Quando vinco due partite dicono tutti #MusettiMagia, ma che è?!” dice lui. E in effetti ora gli epiteti legati ai suoi presunti poteri sovrannaturali si sprecheranno come in occasione di ogni sua vittoria sorprendente. Eppure di magico c’è ben poco. L’allievo di Simone Tartarini è chiaramente un grandissimo talento, uno che fa sembrare facili le cose più complicate. Sicuramente un ragazzo nato per giocare a tennis. Ma più di ogni altra cosa, Musetti è un grande lavoratore. Lorenzo ha trascorso la settimana successiva all’infortunio al retto femorale (quella dopo Madrid) a Roma, al Foro Italico, per sottoporsi alle terapie del caso mentre amici e colleghi battagliavano agli Internazionali d’Italia. Ha fissato l’obiettivo di guarire in fretta per presentarsi al Roland Garros in condizioni dignitose per dire la sua, mantenendo l’equilibrio che lo contraddistingue anche in giornate “libere” in cui sarebbe stato lecito qualche svago in più. Soprattutto a vent’anni.

Lorenzo è un ragazzo serio che vive per la sua professione, che è lo sport che ama. Non è un mago, altrimenti si sarebbe già spinto oltre i propri limiti (che un giorno abbatterà definitivamente). Se fosse un mago non sarebbe vulnerabile, invece Muso è poco più che un teenager che si esalta sui Centrali gremiti ma poi si incarta nello scegliere gli abbinamenti per andare a cena fuori.
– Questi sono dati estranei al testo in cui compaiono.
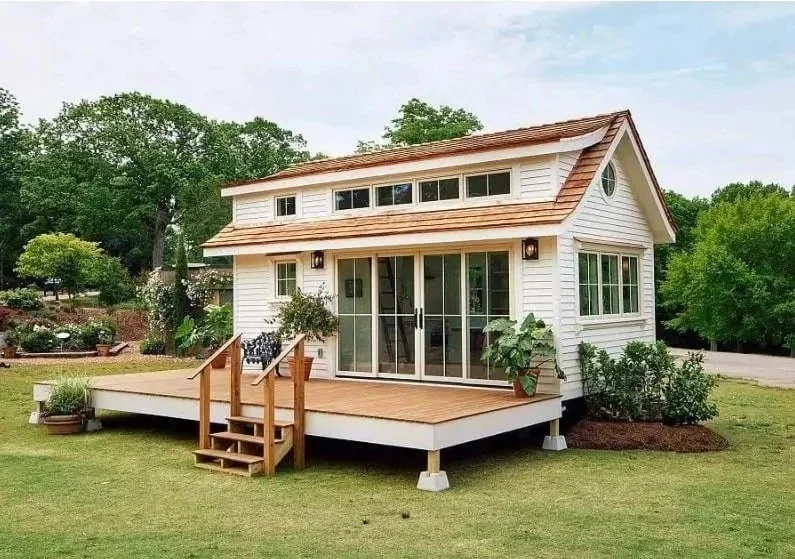 Custom-built tiny home with wood siding, large front deck, sliding glass doors, and modern roofline, designed for small house living in Maine.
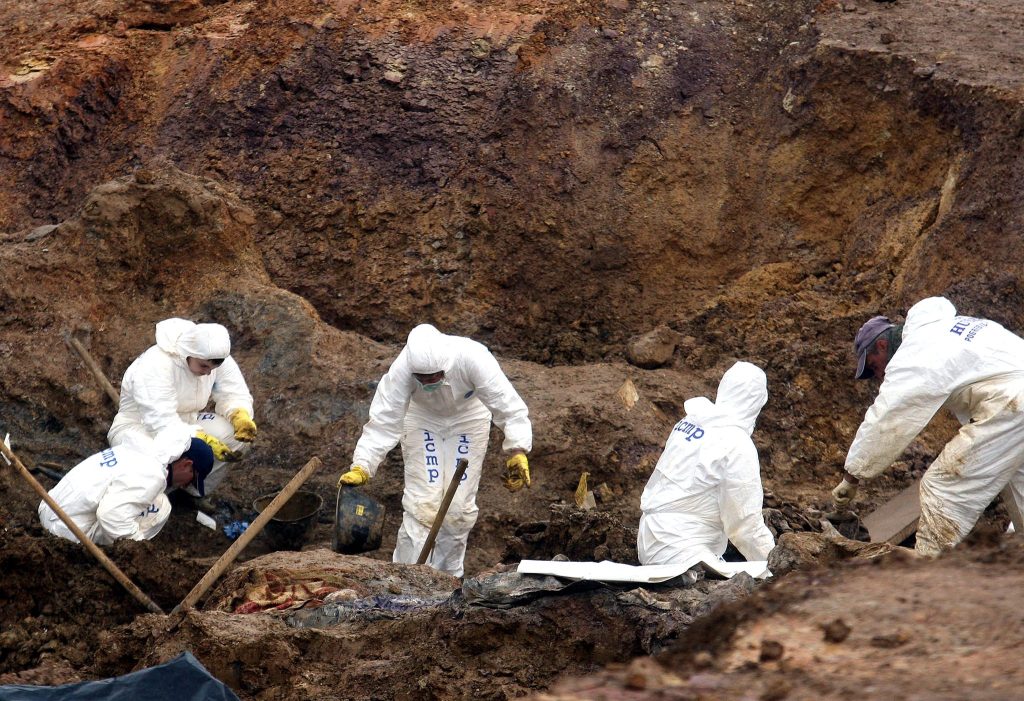 Forensic experts examine a mass grave
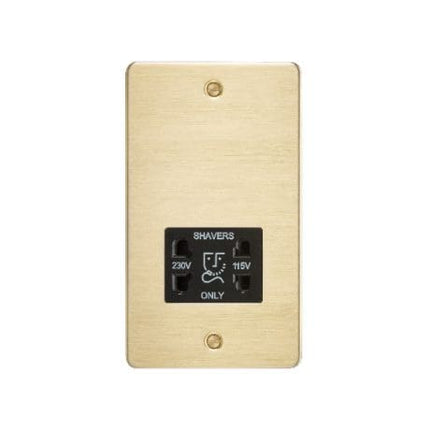 Brass electrical outlet with shaver socket on a white background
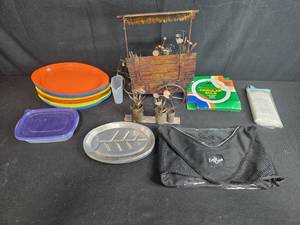 lot 107 image: Mixed Household Lot with Metal Flower Cart, Plastic Plates, Drop Cloth, Bulb, and Storage Items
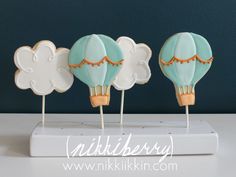 three decorated hot air balloons on top of a white cake stand with blue and gold icing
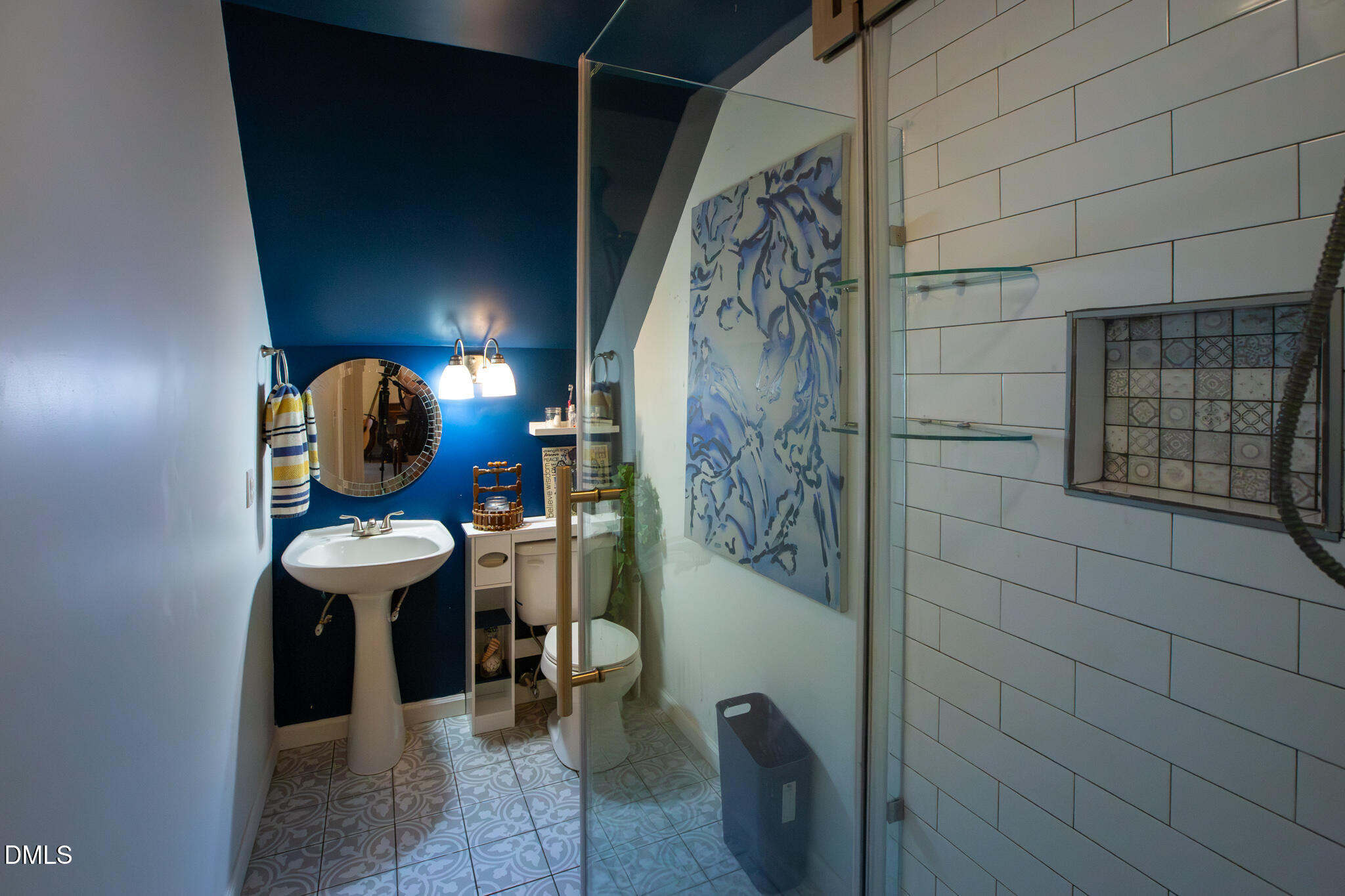 764 Corbett Road Clayton, NC 27520 - Photo 45 of 65 a view of bathroom with shower and mirror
O che serve da sotto per paura di gestire la tensione di un match point da giocare classicamente da fondo campo. Se fosse un mago giocherebbe in un certo modo disegnando con la sua bacchetta anche nei periodi più difficili, invece la seconda parte di 2021 agonisticamente buttata per problemi di cuore (o, meglio, di sentimenti) dimostra che talvolta le qualità fornite da Madre Natura non sono sufficienti per volare alto. L’umanità di Lorenzo Musetti emerge nelle situazioni più disparate, le fragilità di un giovane uomo molto bravo con la racchetta sono dietro l’angolo più spesso di quanto crediate. E per questo i successi più belli il toscano adottato dalla Liguria se li gode davvero, con l’eccitazione dei primi tornei giovanili e la stessa mamma e lo stesso papà che lo seguono quando possibile nel Tour.

Non c’è trucco, non c’è inganno. Non chiamatela magia, ammirate la realtà. Musetti il lavoratore ha ancora tanti sogni da rendere concreti.